Required work: From the line containing "A vintage-style metal" to the end of the listing, copy each line exactly and leave out all others.

Records for this exercise:
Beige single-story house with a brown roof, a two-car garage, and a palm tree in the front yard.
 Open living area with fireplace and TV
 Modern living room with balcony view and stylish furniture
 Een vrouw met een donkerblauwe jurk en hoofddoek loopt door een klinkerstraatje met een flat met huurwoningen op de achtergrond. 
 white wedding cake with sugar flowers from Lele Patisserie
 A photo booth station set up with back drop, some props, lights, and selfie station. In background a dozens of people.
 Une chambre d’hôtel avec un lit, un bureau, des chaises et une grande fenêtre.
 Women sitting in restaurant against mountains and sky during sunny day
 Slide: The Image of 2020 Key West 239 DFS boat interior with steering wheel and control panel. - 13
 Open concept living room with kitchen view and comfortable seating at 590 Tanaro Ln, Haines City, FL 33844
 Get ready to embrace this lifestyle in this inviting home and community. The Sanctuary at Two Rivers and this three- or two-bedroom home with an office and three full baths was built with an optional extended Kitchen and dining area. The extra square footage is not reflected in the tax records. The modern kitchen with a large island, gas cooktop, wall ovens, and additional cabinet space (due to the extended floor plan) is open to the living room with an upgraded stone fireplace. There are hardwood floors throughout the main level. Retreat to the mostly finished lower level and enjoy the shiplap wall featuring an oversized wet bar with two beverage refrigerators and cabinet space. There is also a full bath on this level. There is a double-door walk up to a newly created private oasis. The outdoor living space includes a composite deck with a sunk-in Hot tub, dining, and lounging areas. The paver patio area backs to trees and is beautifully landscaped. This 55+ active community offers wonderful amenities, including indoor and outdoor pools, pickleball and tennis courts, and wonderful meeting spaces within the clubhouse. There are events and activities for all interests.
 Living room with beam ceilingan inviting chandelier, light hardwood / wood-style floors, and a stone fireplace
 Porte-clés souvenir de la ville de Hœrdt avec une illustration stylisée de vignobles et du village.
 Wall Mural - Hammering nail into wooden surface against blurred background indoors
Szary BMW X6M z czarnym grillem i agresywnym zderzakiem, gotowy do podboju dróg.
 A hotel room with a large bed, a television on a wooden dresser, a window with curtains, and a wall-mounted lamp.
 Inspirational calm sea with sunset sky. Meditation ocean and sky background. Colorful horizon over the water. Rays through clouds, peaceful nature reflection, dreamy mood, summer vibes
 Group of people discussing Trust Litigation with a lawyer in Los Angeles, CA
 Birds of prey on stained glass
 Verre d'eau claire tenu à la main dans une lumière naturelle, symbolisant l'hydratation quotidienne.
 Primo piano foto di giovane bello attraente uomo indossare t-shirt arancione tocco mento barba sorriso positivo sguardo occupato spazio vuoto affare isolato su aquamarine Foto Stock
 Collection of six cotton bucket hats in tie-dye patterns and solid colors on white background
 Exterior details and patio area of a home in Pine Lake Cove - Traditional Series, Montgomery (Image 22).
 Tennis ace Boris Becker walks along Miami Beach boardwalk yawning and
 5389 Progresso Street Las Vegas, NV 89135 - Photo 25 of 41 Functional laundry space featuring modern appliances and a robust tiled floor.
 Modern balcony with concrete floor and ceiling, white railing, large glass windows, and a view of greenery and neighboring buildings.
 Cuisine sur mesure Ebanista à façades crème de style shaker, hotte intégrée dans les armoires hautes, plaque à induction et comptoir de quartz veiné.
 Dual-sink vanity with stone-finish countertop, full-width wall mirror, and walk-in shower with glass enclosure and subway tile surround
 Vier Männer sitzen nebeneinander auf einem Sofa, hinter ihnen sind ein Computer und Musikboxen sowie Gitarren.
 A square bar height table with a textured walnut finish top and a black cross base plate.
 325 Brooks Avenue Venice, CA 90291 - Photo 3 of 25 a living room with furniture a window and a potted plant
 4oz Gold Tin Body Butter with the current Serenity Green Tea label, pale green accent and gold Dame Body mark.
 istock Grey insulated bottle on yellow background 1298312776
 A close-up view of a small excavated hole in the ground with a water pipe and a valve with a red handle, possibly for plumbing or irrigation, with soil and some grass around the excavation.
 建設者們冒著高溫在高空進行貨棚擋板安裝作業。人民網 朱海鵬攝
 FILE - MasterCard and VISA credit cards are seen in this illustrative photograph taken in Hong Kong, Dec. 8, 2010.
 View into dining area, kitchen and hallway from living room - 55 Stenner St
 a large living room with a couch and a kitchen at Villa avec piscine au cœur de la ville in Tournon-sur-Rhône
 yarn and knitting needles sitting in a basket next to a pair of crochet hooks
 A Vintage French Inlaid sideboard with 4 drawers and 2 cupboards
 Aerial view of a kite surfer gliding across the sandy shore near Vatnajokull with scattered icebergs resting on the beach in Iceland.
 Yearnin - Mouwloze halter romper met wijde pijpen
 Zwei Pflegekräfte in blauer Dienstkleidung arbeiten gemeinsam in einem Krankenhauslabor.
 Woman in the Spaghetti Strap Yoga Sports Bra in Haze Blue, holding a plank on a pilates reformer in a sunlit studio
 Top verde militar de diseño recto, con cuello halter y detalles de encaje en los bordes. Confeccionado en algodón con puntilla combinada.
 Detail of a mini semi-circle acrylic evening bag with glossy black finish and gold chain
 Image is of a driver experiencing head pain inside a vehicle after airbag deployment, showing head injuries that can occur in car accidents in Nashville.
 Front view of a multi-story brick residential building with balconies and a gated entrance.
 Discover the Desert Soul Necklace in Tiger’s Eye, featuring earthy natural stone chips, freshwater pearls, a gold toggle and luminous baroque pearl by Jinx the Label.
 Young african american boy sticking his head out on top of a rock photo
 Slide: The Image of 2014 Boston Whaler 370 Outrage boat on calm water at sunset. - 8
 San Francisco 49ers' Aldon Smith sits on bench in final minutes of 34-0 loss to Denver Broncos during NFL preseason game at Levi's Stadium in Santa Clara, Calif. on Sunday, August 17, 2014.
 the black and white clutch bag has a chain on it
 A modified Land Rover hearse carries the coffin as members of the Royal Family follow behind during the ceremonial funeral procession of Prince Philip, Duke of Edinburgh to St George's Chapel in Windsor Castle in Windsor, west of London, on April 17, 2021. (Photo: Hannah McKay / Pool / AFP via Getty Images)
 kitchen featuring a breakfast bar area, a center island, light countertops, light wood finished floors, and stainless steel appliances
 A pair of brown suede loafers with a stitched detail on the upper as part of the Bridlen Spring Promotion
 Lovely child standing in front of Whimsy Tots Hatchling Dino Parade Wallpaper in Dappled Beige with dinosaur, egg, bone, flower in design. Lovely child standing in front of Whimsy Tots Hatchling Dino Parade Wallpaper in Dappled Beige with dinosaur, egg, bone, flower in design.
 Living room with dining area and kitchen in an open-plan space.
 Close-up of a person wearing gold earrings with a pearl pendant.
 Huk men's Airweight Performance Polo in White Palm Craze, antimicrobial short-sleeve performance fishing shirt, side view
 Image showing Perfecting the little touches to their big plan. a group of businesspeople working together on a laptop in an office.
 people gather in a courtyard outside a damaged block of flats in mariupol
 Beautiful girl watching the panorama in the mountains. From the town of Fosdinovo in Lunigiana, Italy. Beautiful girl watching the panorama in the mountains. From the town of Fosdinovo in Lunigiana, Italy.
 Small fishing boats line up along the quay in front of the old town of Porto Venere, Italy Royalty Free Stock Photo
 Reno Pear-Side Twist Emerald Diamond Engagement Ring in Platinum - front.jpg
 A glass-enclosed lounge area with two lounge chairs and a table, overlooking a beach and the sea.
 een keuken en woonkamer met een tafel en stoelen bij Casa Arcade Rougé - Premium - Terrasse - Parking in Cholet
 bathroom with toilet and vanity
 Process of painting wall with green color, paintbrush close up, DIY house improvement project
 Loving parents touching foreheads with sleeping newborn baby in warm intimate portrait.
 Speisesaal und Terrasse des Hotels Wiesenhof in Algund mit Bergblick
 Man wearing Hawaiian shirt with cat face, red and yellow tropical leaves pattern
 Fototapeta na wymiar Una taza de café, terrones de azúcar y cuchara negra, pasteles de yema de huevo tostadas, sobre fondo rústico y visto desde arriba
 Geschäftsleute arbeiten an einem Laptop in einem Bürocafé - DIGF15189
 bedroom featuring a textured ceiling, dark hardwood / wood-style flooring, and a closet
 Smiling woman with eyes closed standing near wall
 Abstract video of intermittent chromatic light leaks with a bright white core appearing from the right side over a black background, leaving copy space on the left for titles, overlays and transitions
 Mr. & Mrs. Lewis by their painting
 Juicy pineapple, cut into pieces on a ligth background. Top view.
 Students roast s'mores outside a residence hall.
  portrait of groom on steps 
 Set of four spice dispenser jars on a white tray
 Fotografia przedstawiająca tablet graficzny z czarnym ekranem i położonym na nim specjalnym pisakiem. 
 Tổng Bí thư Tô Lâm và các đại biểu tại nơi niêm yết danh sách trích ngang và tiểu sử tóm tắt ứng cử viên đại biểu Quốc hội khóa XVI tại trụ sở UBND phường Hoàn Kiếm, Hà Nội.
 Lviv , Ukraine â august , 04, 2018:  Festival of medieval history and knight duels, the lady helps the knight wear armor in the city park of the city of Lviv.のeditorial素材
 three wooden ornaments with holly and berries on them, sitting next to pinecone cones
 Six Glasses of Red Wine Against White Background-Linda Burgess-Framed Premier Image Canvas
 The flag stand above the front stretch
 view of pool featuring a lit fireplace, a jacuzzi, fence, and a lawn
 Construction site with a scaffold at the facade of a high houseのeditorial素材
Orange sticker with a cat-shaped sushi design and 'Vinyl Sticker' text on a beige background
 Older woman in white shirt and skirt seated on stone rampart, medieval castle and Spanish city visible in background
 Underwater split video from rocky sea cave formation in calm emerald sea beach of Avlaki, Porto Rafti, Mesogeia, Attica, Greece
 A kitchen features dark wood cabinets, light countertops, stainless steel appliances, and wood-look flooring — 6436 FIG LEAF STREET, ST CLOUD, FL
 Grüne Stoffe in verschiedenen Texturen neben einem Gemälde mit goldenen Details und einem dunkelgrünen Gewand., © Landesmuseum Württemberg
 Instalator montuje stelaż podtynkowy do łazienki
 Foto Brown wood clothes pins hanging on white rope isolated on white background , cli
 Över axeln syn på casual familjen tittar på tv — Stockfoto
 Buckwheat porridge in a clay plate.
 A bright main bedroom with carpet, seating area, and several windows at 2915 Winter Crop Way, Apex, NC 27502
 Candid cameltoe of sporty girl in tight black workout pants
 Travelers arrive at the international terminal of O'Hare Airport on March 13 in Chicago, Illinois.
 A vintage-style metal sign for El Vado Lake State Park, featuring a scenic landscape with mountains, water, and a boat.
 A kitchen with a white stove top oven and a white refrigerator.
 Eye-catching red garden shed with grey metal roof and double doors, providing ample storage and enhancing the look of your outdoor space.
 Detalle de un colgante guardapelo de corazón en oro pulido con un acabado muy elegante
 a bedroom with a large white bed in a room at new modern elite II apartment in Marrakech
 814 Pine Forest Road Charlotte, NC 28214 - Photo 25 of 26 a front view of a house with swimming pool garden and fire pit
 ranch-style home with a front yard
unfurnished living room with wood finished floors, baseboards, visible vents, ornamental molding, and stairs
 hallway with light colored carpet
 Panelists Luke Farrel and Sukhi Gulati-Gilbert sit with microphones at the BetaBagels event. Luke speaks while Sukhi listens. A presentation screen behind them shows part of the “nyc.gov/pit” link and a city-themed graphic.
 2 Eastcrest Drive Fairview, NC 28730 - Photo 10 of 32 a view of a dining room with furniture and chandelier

Output:
 A vintage-style metal sign for El Vado Lake State Park, featuring a scenic landscape with mountains, water, and a boat.
 A kitchen with a white stove top oven and a white refrigerator.
 Eye-catching red garden shed with grey metal roof and double doors, providing ample storage and enhancing the look of your outdoor space.
 Detalle de un colgante guardapelo de corazón en oro pulido con un acabado muy elegante
 a bedroom with a large white bed in a room at new modern elite II apartment in Marrakech
 814 Pine Forest Road Charlotte, NC 28214 - Photo 25 of 26 a front view of a house with swimming pool garden and fire pit
 ranch-style home with a front yard
unfurnished living room with wood finished floors, baseboards, visible vents, ornamental molding, and stairs
 hallway with light colored carpet
 Panelists Luke Farrel and Sukhi Gulati-Gilbert sit with microphones at the BetaBagels event. Luke speaks while Sukhi listens. A presentation screen behind them shows part of the “nyc.gov/pit” link and a city-themed graphic.
 2 Eastcrest Drive Fairview, NC 28730 - Photo 10 of 32 a view of a dining room with furniture and chandelier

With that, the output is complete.